- Brief
From the line below that contains "Cercei Argint 925" to the line that contains "Grain De Poudre", repeat every line exactly, both ends included, and nothing else.

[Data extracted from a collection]
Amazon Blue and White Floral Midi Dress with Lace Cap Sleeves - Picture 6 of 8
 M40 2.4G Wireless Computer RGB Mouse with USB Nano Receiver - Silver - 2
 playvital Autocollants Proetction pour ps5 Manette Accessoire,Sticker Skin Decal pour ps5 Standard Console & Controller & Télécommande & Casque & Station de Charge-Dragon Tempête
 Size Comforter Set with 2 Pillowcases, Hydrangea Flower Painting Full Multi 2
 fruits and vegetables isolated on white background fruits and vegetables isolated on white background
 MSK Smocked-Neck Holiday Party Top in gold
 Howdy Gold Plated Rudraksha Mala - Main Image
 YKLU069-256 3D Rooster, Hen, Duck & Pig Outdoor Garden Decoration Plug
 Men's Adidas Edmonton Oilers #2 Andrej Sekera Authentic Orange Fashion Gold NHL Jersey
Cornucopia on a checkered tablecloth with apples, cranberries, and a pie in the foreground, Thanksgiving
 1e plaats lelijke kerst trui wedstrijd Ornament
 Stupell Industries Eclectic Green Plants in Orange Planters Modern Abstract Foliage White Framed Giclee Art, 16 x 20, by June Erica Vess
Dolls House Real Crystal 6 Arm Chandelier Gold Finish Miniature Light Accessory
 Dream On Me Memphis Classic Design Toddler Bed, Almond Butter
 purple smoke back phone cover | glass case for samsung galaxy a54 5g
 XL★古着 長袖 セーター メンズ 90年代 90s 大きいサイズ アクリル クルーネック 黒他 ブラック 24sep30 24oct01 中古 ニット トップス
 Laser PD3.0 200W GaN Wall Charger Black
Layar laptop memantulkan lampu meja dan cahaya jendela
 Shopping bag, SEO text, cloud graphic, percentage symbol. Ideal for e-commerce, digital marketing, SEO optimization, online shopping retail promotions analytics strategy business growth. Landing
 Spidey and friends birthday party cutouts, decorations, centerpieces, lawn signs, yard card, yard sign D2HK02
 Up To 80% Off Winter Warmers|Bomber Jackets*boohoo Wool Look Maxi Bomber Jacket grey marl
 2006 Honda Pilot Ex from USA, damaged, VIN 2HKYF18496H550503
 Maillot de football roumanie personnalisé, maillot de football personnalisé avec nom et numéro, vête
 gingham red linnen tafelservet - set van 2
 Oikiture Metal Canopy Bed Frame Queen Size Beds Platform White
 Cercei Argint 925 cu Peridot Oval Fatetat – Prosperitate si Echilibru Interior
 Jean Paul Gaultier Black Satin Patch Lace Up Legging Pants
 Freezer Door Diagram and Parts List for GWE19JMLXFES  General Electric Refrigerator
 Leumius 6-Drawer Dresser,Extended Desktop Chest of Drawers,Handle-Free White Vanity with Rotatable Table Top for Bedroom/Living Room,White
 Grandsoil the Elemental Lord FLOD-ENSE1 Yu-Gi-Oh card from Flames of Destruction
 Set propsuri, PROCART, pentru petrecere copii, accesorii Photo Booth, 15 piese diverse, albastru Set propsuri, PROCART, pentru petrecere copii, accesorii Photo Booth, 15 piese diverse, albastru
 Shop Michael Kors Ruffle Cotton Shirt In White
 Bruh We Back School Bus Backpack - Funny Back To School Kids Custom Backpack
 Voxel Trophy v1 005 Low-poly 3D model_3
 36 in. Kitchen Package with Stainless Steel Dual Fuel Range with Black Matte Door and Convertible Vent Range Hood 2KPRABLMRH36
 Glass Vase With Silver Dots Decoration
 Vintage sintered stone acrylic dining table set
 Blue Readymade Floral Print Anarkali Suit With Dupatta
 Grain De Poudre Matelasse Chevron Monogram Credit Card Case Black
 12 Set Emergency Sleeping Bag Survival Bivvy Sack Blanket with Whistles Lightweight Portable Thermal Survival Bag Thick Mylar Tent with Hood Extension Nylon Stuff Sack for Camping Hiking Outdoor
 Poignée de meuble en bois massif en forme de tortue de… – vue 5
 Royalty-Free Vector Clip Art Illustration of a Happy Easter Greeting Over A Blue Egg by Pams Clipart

- Answer box
 Cercei Argint 925 cu Peridot Oval Fatetat – Prosperitate si Echilibru Interior
 Jean Paul Gaultier Black Satin Patch Lace Up Legging Pants
 Freezer Door Diagram and Parts List for GWE19JMLXFES  General Electric Refrigerator
 Leumius 6-Drawer Dresser,Extended Desktop Chest of Drawers,Handle-Free White Vanity with Rotatable Table Top for Bedroom/Living Room,White
 Grandsoil the Elemental Lord FLOD-ENSE1 Yu-Gi-Oh card from Flames of Destruction
 Set propsuri, PROCART, pentru petrecere copii, accesorii Photo Booth, 15 piese diverse, albastru Set propsuri, PROCART, pentru petrecere copii, accesorii Photo Booth, 15 piese diverse, albastru
 Shop Michael Kors Ruffle Cotton Shirt In White
 Bruh We Back School Bus Backpack - Funny Back To School Kids Custom Backpack
 Voxel Trophy v1 005 Low-poly 3D model_3
 36 in. Kitchen Package with Stainless Steel Dual Fuel Range with Black Matte Door and Convertible Vent Range Hood 2KPRABLMRH36
 Glass Vase With Silver Dots Decoration
 Vintage sintered stone acrylic dining table set
 Blue Readymade Floral Print Anarkali Suit With Dupatta
 Grain De Poudre Matelasse Chevron Monogram Credit Card Case Black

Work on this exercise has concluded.